Leah stomped upstairs and slammed her bedroom door behind her. Fueled by rage, she ripped open all the makeup she bought. She threw powders on the floor, creating puffs of smoke. With a few choice words and the most scarlet of lipsticks, she wrote a message for her mother on the mirror. She threw mascara on the wall, leaving black flecks and streaks around her furniture.

In addition to paying back her parents what she bought, she had to finance and complete the clean up for her room. While her friends danced at prom, she painted walls. When they went off to their senior trip, she worked alongside her grandmother at the family bakery. Helen was grateful for the help, the chance to relax. Linda could’ve yelled at Leah all she wanted. However, it wasn’t until her daughter saw her 80-year-old grandmother running a full-time business, that she learned to be smart with money. Her grandmother would die working. Not because she wanted to. She needed to.

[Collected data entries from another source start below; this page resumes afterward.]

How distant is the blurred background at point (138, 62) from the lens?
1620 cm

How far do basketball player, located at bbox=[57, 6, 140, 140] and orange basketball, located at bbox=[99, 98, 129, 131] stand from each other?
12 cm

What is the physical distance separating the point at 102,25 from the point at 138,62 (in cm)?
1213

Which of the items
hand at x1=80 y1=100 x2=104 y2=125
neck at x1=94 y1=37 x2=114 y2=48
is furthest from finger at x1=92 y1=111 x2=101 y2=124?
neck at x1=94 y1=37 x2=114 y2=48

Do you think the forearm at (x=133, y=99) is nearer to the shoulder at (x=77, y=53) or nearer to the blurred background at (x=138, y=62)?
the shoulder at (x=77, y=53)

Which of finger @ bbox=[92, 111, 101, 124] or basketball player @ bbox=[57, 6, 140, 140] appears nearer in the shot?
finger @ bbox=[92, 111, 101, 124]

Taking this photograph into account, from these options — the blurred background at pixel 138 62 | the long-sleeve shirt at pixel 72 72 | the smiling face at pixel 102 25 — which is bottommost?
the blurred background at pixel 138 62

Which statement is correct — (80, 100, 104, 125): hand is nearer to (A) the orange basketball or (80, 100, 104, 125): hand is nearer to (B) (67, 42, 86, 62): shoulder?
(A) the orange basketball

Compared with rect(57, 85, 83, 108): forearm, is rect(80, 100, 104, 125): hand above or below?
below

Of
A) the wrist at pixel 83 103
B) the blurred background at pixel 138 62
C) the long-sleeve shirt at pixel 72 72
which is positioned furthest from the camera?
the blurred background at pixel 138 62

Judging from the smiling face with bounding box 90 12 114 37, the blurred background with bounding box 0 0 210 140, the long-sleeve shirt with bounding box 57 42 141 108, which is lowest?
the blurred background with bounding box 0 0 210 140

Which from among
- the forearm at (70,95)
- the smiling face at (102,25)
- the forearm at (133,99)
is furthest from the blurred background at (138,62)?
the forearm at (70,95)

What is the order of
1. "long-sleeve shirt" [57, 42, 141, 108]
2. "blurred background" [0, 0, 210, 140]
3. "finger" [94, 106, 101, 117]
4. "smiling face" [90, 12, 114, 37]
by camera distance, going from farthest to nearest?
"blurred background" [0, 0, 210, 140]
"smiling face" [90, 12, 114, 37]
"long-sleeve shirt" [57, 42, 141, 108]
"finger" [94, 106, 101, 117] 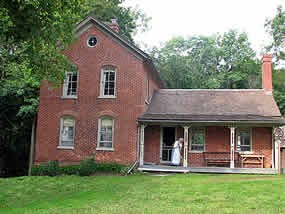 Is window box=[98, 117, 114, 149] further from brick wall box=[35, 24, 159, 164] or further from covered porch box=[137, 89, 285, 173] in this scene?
covered porch box=[137, 89, 285, 173]

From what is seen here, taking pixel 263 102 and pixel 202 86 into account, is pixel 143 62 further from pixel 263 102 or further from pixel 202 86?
pixel 202 86

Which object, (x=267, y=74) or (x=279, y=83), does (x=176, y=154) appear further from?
(x=279, y=83)

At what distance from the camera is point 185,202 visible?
37.7 ft

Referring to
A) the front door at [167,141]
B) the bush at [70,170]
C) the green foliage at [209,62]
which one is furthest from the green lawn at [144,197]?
the green foliage at [209,62]

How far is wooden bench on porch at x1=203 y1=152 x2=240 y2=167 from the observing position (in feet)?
71.2

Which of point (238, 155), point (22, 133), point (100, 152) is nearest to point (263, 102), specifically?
point (238, 155)

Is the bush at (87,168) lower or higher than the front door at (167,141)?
lower

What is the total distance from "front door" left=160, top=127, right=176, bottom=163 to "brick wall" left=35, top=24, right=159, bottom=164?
2273mm

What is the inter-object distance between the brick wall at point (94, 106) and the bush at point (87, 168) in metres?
0.69

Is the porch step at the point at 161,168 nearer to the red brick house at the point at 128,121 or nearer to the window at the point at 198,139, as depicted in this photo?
the red brick house at the point at 128,121

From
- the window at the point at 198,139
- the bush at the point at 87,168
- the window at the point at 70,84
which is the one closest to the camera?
the bush at the point at 87,168

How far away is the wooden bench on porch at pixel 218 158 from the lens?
21.7 meters

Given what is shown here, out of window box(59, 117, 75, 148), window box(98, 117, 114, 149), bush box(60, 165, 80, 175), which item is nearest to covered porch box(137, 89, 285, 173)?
window box(98, 117, 114, 149)

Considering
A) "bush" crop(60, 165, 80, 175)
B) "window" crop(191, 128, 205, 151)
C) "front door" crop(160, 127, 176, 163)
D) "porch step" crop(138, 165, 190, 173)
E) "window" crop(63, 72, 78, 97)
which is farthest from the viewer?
"front door" crop(160, 127, 176, 163) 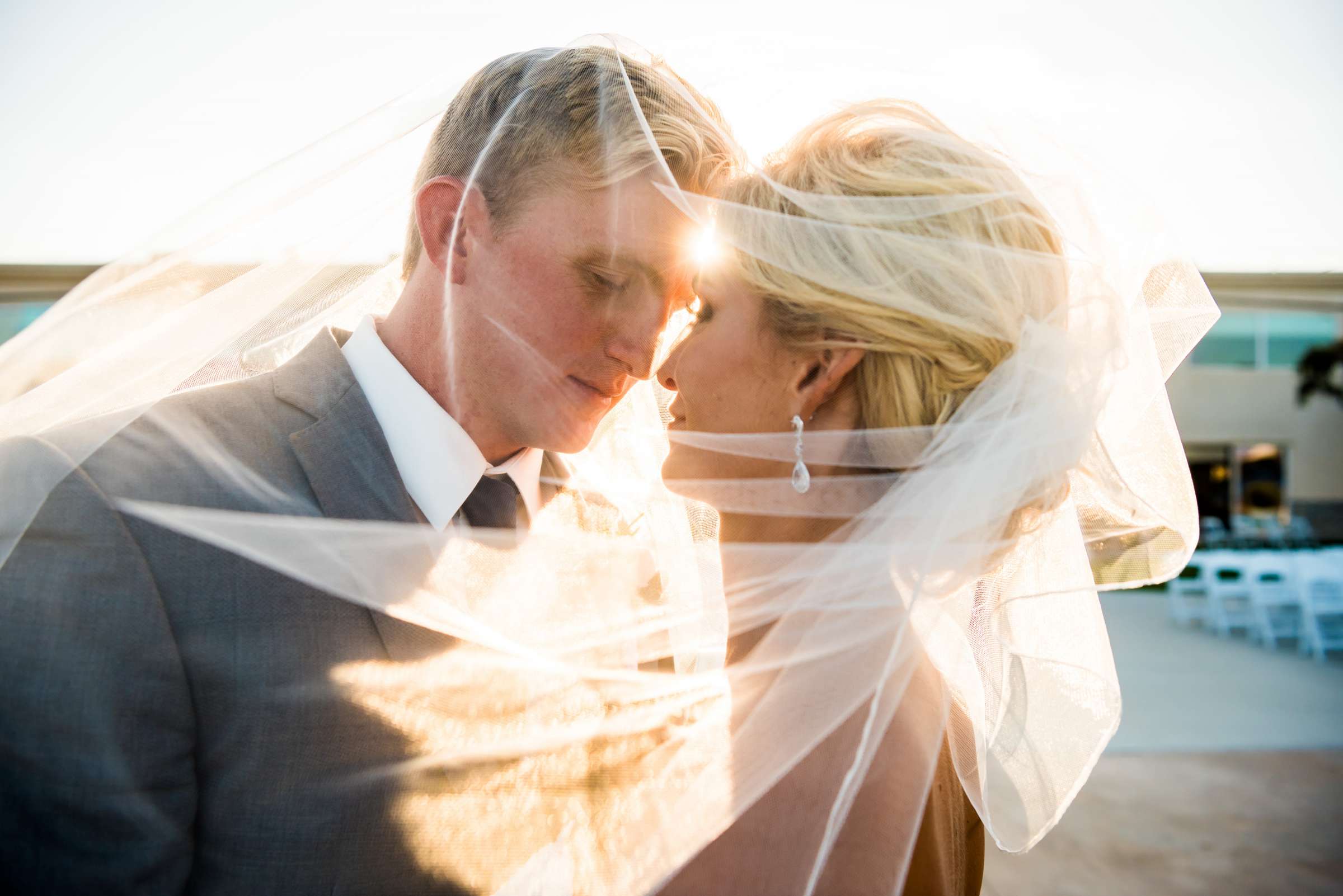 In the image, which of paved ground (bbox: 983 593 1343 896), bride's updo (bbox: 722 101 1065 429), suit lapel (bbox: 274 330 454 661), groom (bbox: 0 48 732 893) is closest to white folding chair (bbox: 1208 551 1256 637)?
paved ground (bbox: 983 593 1343 896)

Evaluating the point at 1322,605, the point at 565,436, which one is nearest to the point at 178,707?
the point at 565,436

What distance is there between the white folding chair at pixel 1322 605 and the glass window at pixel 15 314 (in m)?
10.8

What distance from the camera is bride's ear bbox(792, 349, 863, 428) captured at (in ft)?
5.46

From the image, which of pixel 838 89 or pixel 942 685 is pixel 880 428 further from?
pixel 838 89

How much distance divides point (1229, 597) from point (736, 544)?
11.3 m

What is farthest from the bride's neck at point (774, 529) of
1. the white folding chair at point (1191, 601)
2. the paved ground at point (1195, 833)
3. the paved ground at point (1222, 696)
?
the white folding chair at point (1191, 601)

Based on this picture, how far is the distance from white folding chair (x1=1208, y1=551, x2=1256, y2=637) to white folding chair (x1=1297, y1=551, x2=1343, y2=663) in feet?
2.56

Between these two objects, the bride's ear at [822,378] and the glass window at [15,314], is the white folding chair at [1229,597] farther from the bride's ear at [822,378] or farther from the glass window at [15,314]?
the glass window at [15,314]

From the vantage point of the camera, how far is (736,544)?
179 centimetres

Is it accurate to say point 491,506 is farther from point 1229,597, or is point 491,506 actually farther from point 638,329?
point 1229,597

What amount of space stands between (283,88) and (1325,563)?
36.5 feet

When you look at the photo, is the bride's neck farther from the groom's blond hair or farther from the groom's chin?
the groom's blond hair

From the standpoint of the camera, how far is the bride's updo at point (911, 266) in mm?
1571

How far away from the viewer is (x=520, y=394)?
184 centimetres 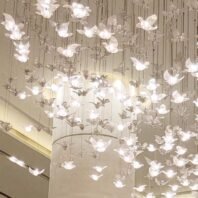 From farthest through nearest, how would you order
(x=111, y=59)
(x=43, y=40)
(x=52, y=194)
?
1. (x=52, y=194)
2. (x=111, y=59)
3. (x=43, y=40)

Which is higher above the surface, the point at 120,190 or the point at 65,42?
the point at 65,42

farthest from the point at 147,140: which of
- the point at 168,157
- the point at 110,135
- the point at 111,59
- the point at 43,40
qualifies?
the point at 43,40

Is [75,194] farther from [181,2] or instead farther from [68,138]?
[181,2]

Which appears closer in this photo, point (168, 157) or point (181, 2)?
point (181, 2)

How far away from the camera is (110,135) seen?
18.6 feet

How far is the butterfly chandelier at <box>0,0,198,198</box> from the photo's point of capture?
3814mm

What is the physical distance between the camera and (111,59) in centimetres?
532

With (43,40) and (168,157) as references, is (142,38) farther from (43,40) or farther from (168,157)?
(168,157)

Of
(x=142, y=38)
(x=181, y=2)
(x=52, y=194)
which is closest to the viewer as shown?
(x=181, y=2)

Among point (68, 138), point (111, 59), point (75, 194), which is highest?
point (111, 59)

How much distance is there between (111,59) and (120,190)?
120 centimetres

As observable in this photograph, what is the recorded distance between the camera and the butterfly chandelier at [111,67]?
381cm

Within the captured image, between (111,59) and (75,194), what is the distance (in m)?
1.22

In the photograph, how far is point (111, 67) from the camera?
17.8ft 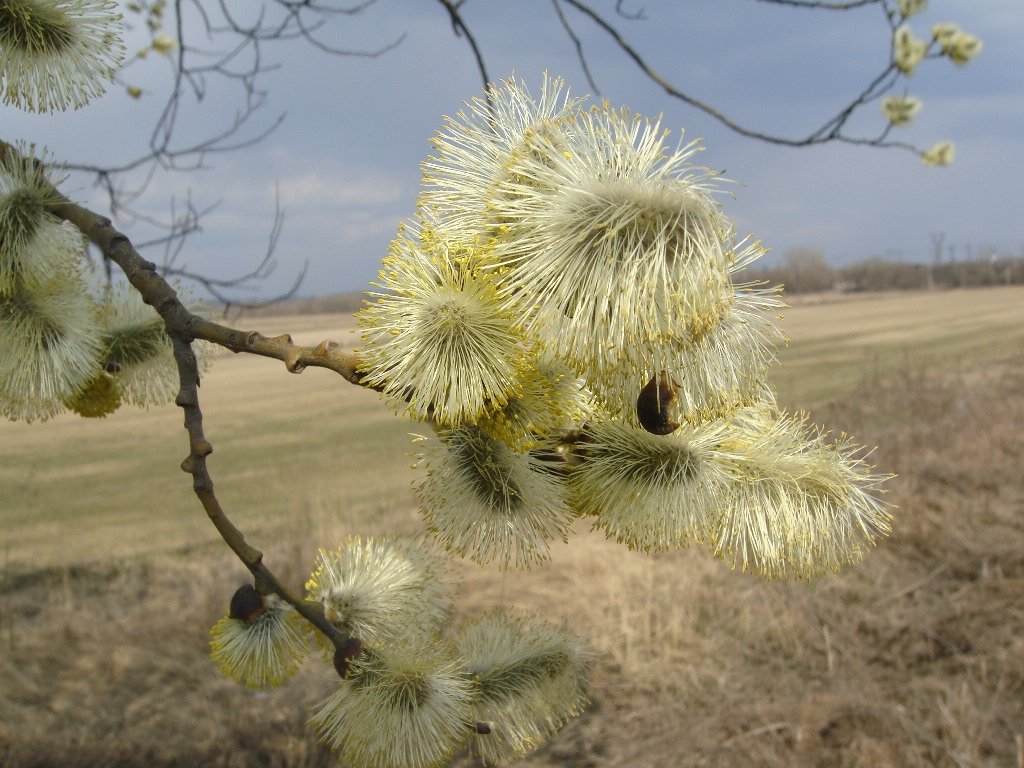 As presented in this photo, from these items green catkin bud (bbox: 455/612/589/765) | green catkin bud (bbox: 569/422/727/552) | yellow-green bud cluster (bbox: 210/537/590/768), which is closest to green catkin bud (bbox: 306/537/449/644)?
yellow-green bud cluster (bbox: 210/537/590/768)

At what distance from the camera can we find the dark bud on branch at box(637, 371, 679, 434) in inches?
34.2

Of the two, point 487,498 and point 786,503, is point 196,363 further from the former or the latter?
point 786,503

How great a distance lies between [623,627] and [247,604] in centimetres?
451

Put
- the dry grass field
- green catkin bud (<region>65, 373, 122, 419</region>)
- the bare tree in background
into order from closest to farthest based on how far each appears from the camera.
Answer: the bare tree in background < green catkin bud (<region>65, 373, 122, 419</region>) < the dry grass field

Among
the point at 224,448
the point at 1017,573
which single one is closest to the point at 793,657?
the point at 1017,573

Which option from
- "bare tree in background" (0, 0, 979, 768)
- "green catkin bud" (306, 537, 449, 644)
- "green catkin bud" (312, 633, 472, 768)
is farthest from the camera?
"green catkin bud" (306, 537, 449, 644)

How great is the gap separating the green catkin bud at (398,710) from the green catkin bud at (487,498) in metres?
0.27

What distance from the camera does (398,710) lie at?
1209 millimetres

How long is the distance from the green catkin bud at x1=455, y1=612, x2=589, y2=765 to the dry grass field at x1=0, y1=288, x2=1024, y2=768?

Was it better to save for retirement or to keep creating? Developing the next business idea, riding the rollercoaster of the economy. Helen was exhausted. Her joints swelled. Her back hurt. Her diet suffered. Her doctor wasn’t happy, but she worked hard for all that suffering. While her friends passed away, she finished 10-hour work days. After her husband died, she worked even harder. She didn’t know how not to work. That was her purpose.

Leah admired yet pitied her grandmother. She wanted to work hard but not forever. She wanted to wear makeup and enjoy time with friends. Smelling like cake and washing her hands twenty times everyday was not her life’s dream. She wanted more adventures and journeys. She would not be confined to the walls of this bakery, no matter how much her grandmother wanted to pass down the business.

Maybe her mother was right. Helen learned her lesson in the 70s and didn’t get to see it pay off until now.